When we talk about video games, we have a tendency to classify them by the nature of their mechanics (first-person, strategy) as often as by narrative or thematic content, the way other works of art are usually described. Sometimes the two are used together to describe a game – Halo is a “sci-fi shooter.” It’s an important distinction, since video games are made up of more than narrative content. A game’s mechanics define it just as much as, if not more than, what it’s about. They’re the way we interact with and affect a game world, and without them, we’d just be watching a movie.

One such descriptor, popularized by Grand Theft Auto, is the “open world” game, a genre that allows players a larger degree of freedom than more traditional linear titles. That freedom applies to where players go, what they do, how they behave in that game world, and even what parts of the game they complete first. Often in open world games, exploration can be its own reward, or can lead to more obvious perks like side missions or new items. They’re almost always set in cities, the natural urban playgrounds for superheroes, gangsters and reckless drivers.

Grand Theft Auto IV nearly perfected the open world game in its current form; the environment is large enough to feel realistic, while it’s not so big that players feel lost or have too long to travel at a given time. Yet Liberty CIty is also packed with a huge amount of detail and polish. It’s a believable setting for players’ escapades. Likewise, series like Fallout, Far Cry and Assassin’s Creed have practically perfected other types of environments: nuclear wasteland, war-torn Africa and historic Italy, respectively.

But there’s got to be something more for the open world game, something left for developers to explore so that players’ explorations can in turn be even more rewarding. Where can the open world genre go from here?

The most obvious answer is to make the game worlds bigger and bigger, but I say that would be a mistake. I used to dream of a game in which you could traverse the entire world in any manner you chose, doing literally anything, with no limits or borders. Basically, a real-life simulator, like a more structured Second Life (and probably with less bondage dungeons). But the jump from GTA: San Andreas to GTA IV’s much smaller but more detailed world proved that bigger isn’t always better.

Instead, I think the key is in exactly how players interact with the environment itself. In a linear game, the environment exists as a backdrop for the narrative and action, pushing players along to the next checkpoint or cut scene until the game is done. In an open world game, though, the city/fantasy realm/capital wasteland is the gameplay; GTA’s car chases and Prototype’s building-demolishing battles with the armed forces wouldn’t be possible if those cities and their inhabitants didn’t behave exactly as they do. An open world title is more than a series of corridors to be cleared of enemies and surpassed.
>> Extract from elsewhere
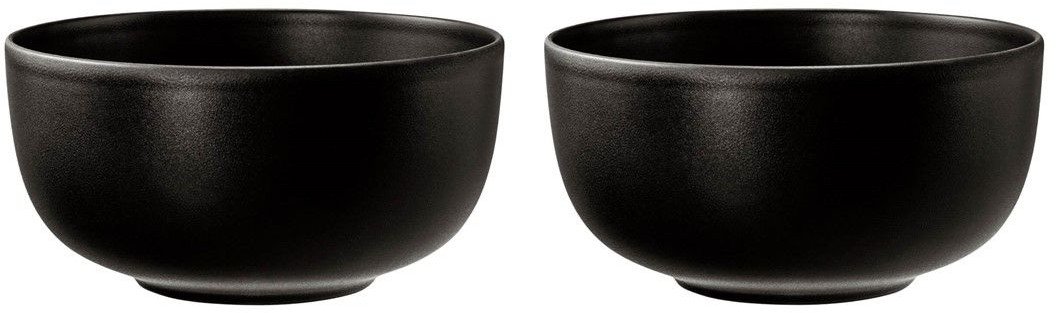Zestaw 2 okrągłych misek 17,5cm porcelana czarna Liberty Seltmann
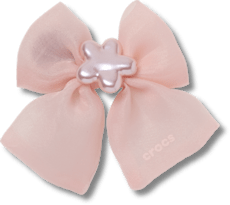 Boucle rose diaphane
At its best, it’s a living world that reacts to players’ actions.

Too often in open world games the space between missions is just that – empty space. Developers have yet to find a solution to this problem, especially when a mission starts out with a long drive or dialogue sequence. Red Dead Redemption’s repetitive conversations, hashed out over and over again at the beginning of almost every mission, are no solution to the problem.

The obvious solution is to simply make it easier to get around, and to place mission objectives closer together, so that entire cities don’t have to be traversed every time you start or replay a mission. The more difficult solution – and the one that will help open world games evolve – is to make the game world as much a part of the narrative as it is part of the mechanics.

Every shot of a great movie is calculated down to the smallest detail to have the maximum desired effect on the audience. Not so in a video game, especially one set in a wide-open, relatively nondescript environment. This is partly due to the interactive nature of games; when players have so much control over where they go and what they do, it’s difficult for the designers to pick and choose specific elements to highlight what they’re trying to say. But that doesn’t mean it’s impossible.

Another problem is the randomness intrinsic to an environment that’s constantly recycling itself. The endless parade of faceless pedestrians and vehicles detracts from the personality that should be inherent in a city or other habitable environment – even a wasteland or a jungle. Think The Watchmen – graphic novel artists have plenty of freedom to explore minor characters and other narrative elements, but there’s no reason game designers shouldn’t take the same liberties. The newspaperman and the kid reading the Tales of The Black Freighter comic go miles toward fleshing out the city, and little details like that are what’s missing from open world games. A recreation of New York City or the Wild West can be as visually faithful as it likes, but without those little narrative elements, it’ll never reach its full potential.

There are plenty of unique environments, art styles and gameplay mechanics that have yet to be explored in the open world style, but it’s improved storytelling – and more deliberate use of the environment as a storytelling element – that will ultimately take open world games to the next level. Just Cause 2’s grappling hook hijinks were a hell of a lot of fun, but the jungle was just as unsophisticated as that of any other open world game. Considering the environment is the one thing these games really have over those in other genres, it’s time developers started thinking up new ways for players to experience them.

Of course, they could always just give us more shit to blow up. Either way.